The PEOPLE of the State of California, Plaintiff and Respondent, v. John E. HARTRIDGE, Defendant and Appellant.
Defendant has taken this appeal from a judgment of conviction by the trial court sitting without a jury, and from the order denying his motion for a new trial.
During the afternoon of June 21, 1954, one Alfred McNally burglarized a residence in Sacramento and stole therefrom certain distinctive articles of jewelry worth several thousand dollars. Later that same afternoon defendant, who had become acquainted with McNally while they were both inmates of Soleadad Prison, took certain pieces thereof to a jewelry store in Sacramento, told the jeweler that he had been sent over by ‘Tony’, a bartender at the Clayton Club, and asked if the articles were worth $200. The jeweler told defendant that ‘if somebody only wanted $200.00 for this jewelry, then it must be hot. If I was him, I would go tell Tony that, not to touch it with a ten foot pole, but because it is too good for too little.’ The jeweler also telephoned to Tony who was a friend of his and relayed the same information to him.

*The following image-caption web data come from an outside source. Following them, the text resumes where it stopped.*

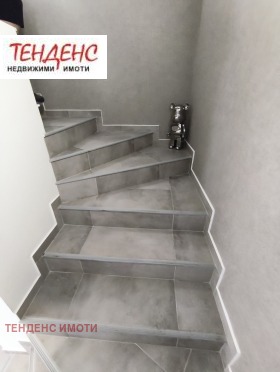 ���� ��� ���� 3-����� | Imot.bg � ����� ������ 11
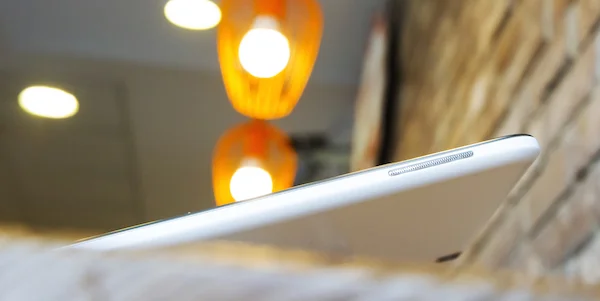 ProTip: How To Update Your Template With A New Background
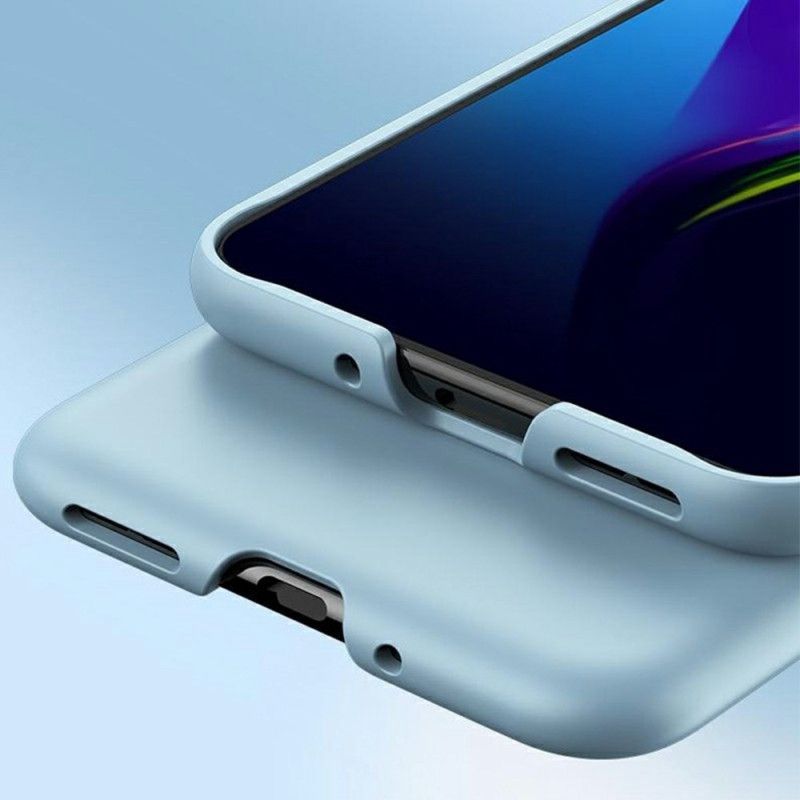 Coque Samsung Galaxy Z Flip 7 Classique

Still later that afternoon or evening defendant approached one Lennie Russell, an entertainer and master of ceremonies at the Clayton Club, and asked the loan of $200 to go to Reno. Russell refused and defendant left, returning a few minutes later with the same or some of the same articles of jewelry shown to the jeweler and asked Russell to lend him $150 thereon, stating that he would repay Russell the following Monday. Russell loaned the $150 and took the jewelry which he retained in his possession until the following Sunday when officers inquired about it and he turned it over to them. At the trial he testified that when he loaned the money he knew nothing about the jewelry having been stolen or presented to the jeweler, or of the jeweler's conversations with defendant or Tony.

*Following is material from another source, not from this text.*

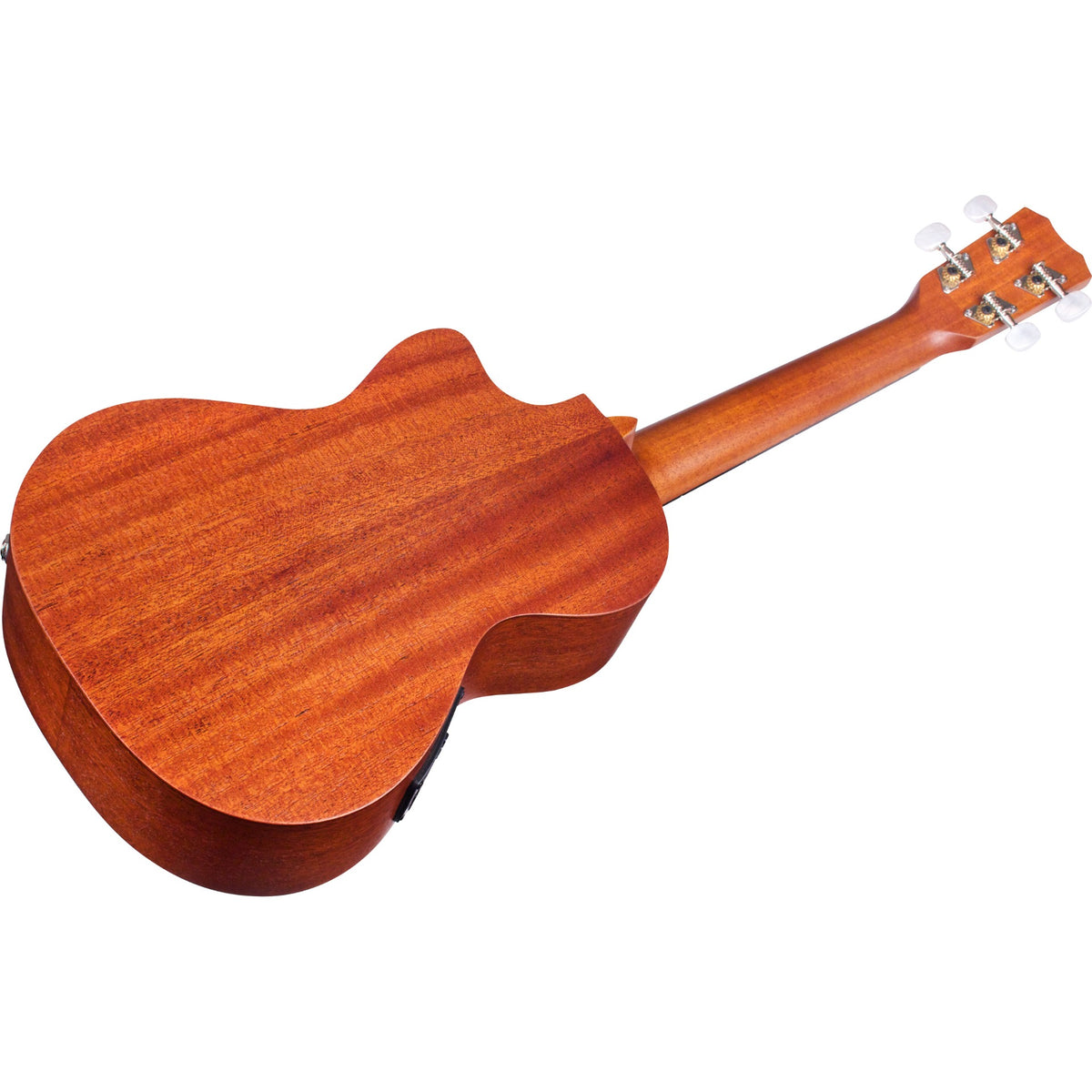 Cordoba 20TMCE Acoustic Electric Tenor Ukulele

Defendant was arrested by the officers on june 26, 1954. It is undisputed that in a voluntary conversation with them subsequent to his arrest, he denied possession of the jewelry in question at any time. In a later conversation with the officers he stated that McNally came to his room with the jewelry and wanted defendant to help him get rid of it. He took McNally to the Calyton Club where McNally remained outside while defendant entered and offered to sell the jewelry to Tony, the bartender. The bartender sent defendant to the jewelry store to have the articles appraised. While the appraisal was being made McNally remained outside on the sidewalk. Defendant then returned to the Clayton Club and told the bartender what the jeweler had said. Defendant identified the jewelry to the officers and stated that he gave it back to McNally, and that he was suspicious of how McNally had obtained it. In a still later conversation with the officers defendant stated that he gave McNally the money obtained on the jewelry from Russell and that he kept none of it. At the trial defendant did not testify or produce any evidence on his own behalf.
Under the heading of ‘Assignments of Error’, defendant lists the following contentions in his opening brief:
‘A—The trial court erred in admitting the testimony of Mr. Russell.

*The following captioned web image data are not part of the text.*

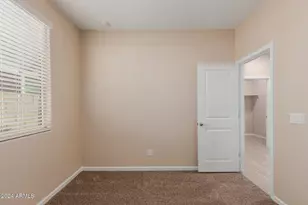 12436 W Myrtle Ct, Glendale, AZ 85307 - Photo 33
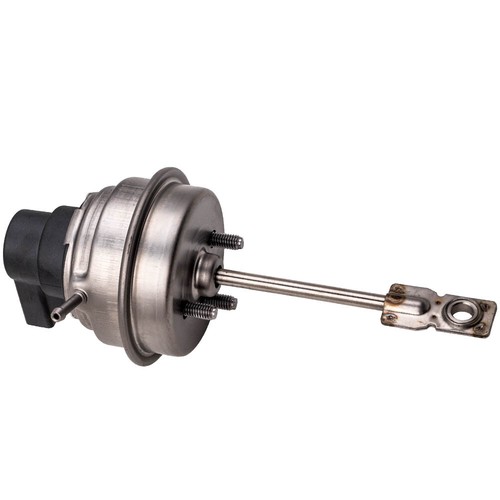 Turbo actuator wastegate - turbo,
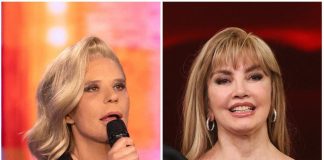 Ascolti tv sabato 29 novembre, chi ha vinto tra Ballando con le stelle e Tú Sí Que Vales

‘B—The trial court erred in admitting portions of the testimony of Mr. Parker Smith
‘C—The verdict of the court was insufficient under existing laws
‘D—The evidence is insufficient to sustain a verdict of guilty of receiving stolen property
‘E—The District Attorney was guilty of prejudicial misconduct before the court
‘F—The trial court erred in denying a defense motion to dismiss the information
‘G—Prejudicial misconduct on the part of the defense attorney’
In support of his first specification of error appellant calls attention to several alleged discrepancies in Russell's testimony. His position is that because of these alleged discrepancies the trial court should not have believed Russell's testimony. This argument merely goes to the question of the credibility of the witness, and an appellate court cannot be called upon to substitute its appraisal of the witness and his testimony for that of the trial judge.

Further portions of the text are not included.